-- THE INPUT --
▶

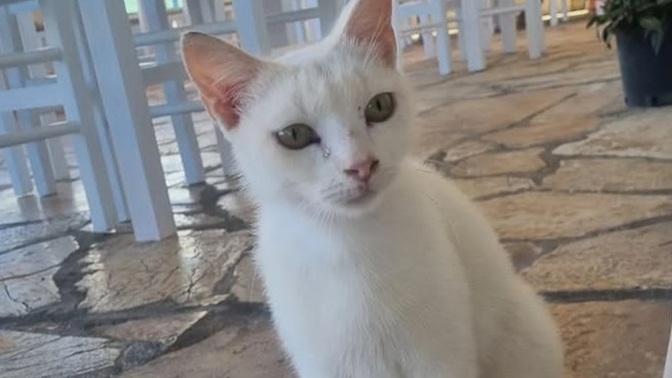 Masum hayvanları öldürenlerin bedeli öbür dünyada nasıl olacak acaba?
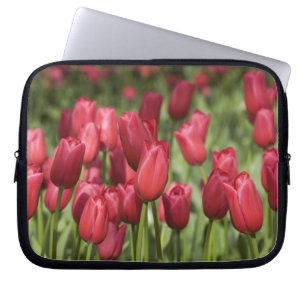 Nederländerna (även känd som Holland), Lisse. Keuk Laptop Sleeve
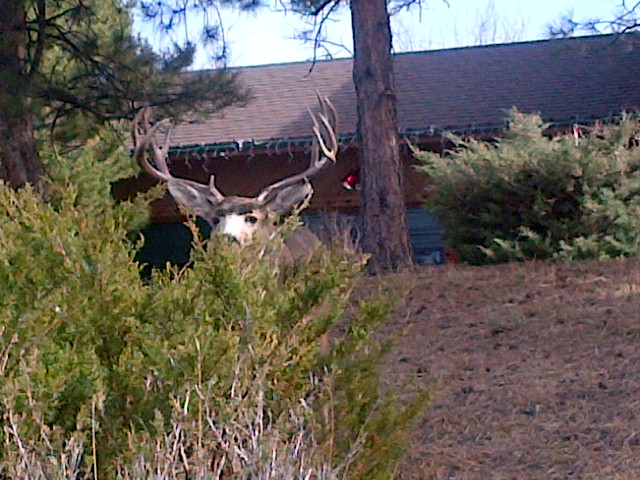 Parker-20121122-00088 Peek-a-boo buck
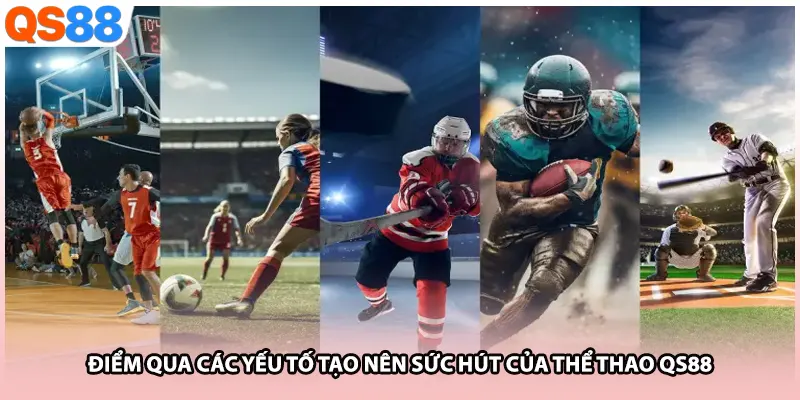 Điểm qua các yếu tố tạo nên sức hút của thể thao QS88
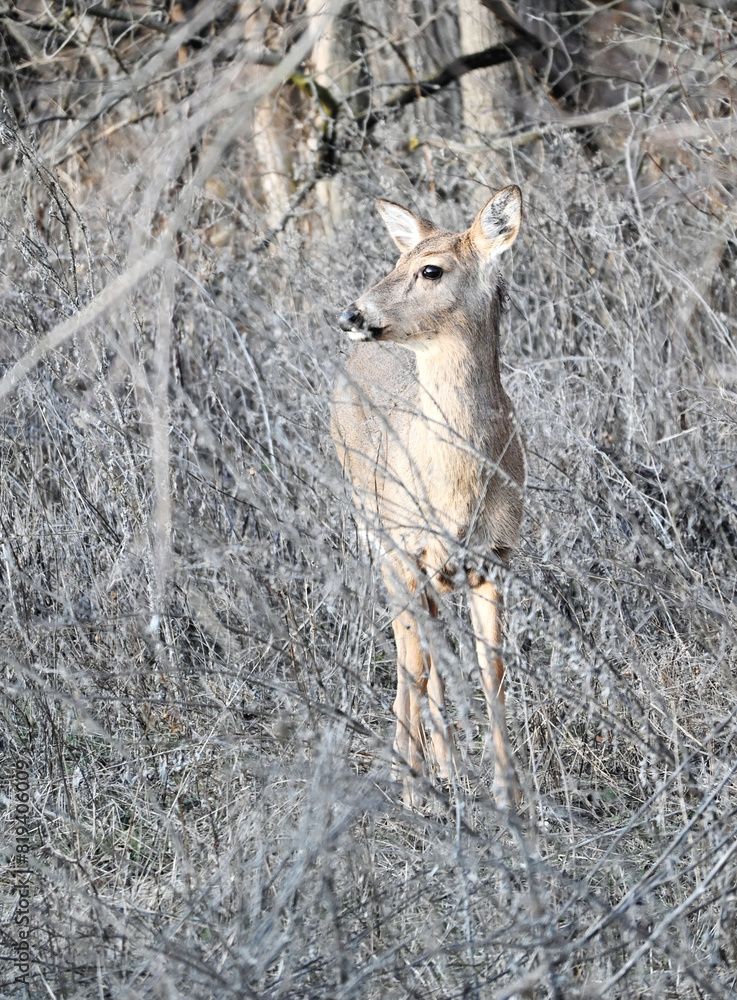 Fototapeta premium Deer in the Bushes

◀
▶

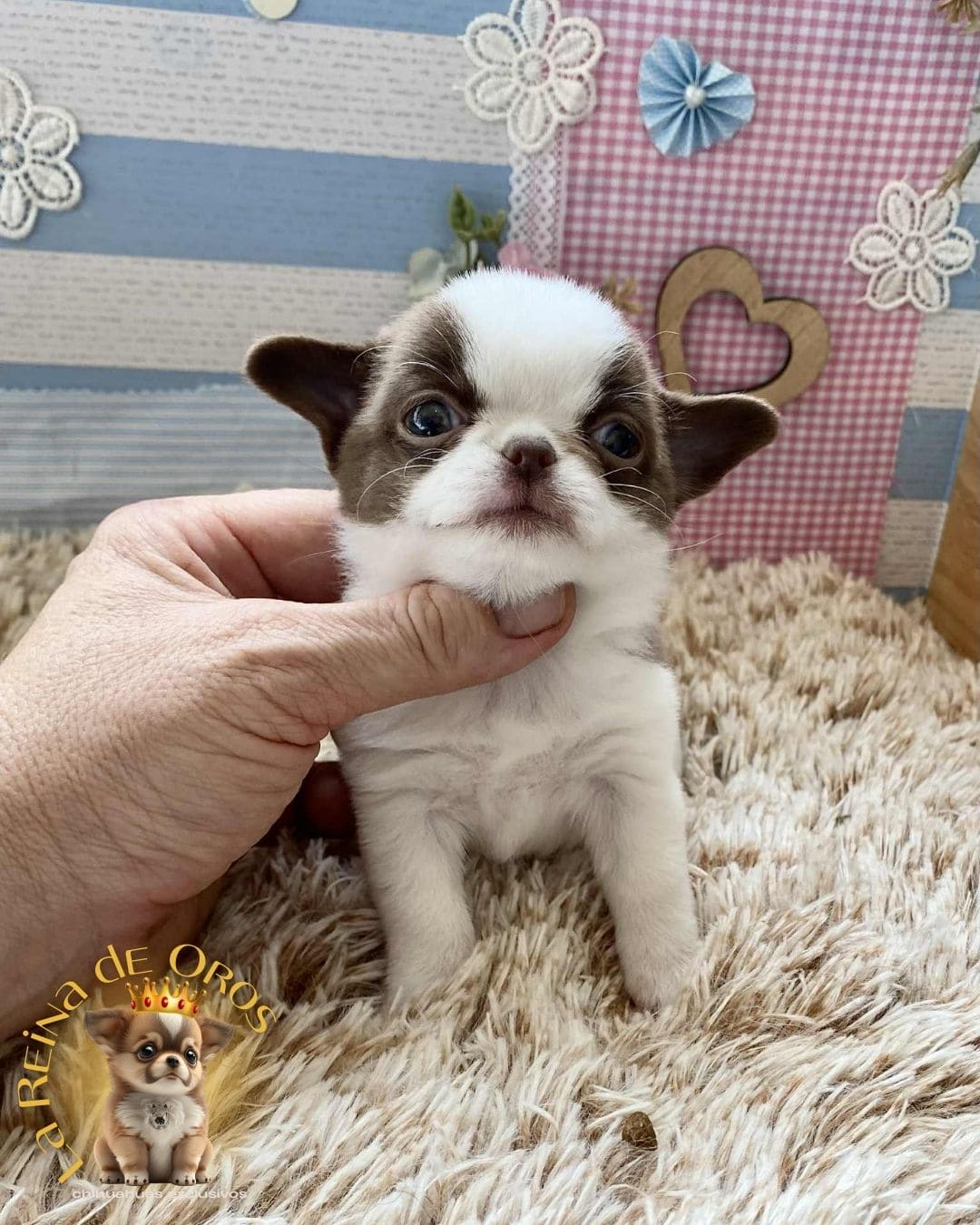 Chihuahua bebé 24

◀

-- WHAT THE TASK REQUIRES --
Print from the line containing "Masum hayvanları öldürenlerin" through the line containing "Fototapeta premium Deer in the Bushes" in the data above, exactly as the lines stand, and omit every picture.

-- REPLY TO THE EXERCISE --
 Masum hayvanları öldürenlerin bedeli öbür dünyada nasıl olacak acaba?
 Nederländerna (även känd som Holland), Lisse. Keuk Laptop Sleeve
 Parker-20121122-00088 Peek-a-boo buck
 Điểm qua các yếu tố tạo nên sức hút của thể thao QS88
 Fototapeta premium Deer in the Bushes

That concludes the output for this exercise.